A decorated researcher in wheat care, he has guided more than 30 post- doctoral (PhDs) studies.

Punjab connection continues

Continuing old connection with his alma mater, Prof Bariana conducted a three-week workshop at PAU, earlier this year, under the Union Government’s Scheme for Promotion of Academic and Research Collaboration. He was selected as Pravasi Fellow of the National Academy of Agricultural Sciences, India, in 2024 which is offered by the National Academy of Agricultural Sciences (NAAS). He was also part of a 10-year collaboration project with India on faster wheat improvement and rust resistance in wheat.

Journey

“I was not able to decide on my future course of action after my schooling. I did my post matriculation at Hindu National College, Hariana. Being the first male child in a family of four siblings, I was very pampered. I was happy going to my fields every morning when my father, Headmaster Kewal Singh, one day, gave me the ultimatum. He asked me to leave the village and get admitted wherever I could for my higher education,” he said.

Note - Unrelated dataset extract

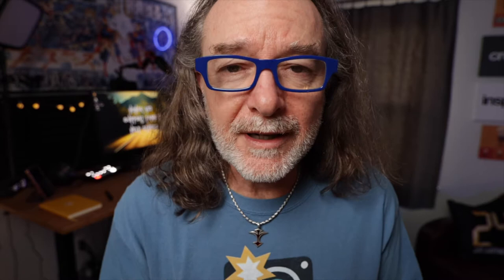So let's say you're trying to sell a piece of gear but you just can't get it sold. Maybe consider trading it or offering a discount. This kind of goes back to: are you pricing it to sell and how much are you willing to make, or maybe even lose, on it? Maybe you get into a situation where you can trade a piece of gear for something somebody else has — you have a lens, somebody else has a mic, do a trade.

Choosing PAU seemed a natural choice to him and he enrolled for the BSc course in 1977. He completed his Honours in Crop Protection (Plant Pathology and Entomology). He was awarded a scholarship funded jointly by the Prime Wheat Association and Wheat Research Council (forebears of the Grain Research and Development Corporation Australia) for his PhD at University of Sydney Plant Breeding Institute. “It was possible with my research work under supervision of Dr SS Sokhi and recommendation of Dr Khem Singh Gill and Darshan Singh Brar,” he said.

In Australia, he was appointed as a Research Fellow to lead Germplasm Screening and Enhancement aspects of the National Cereal Rust Control Program and became an integral part of the Australian wheat industry.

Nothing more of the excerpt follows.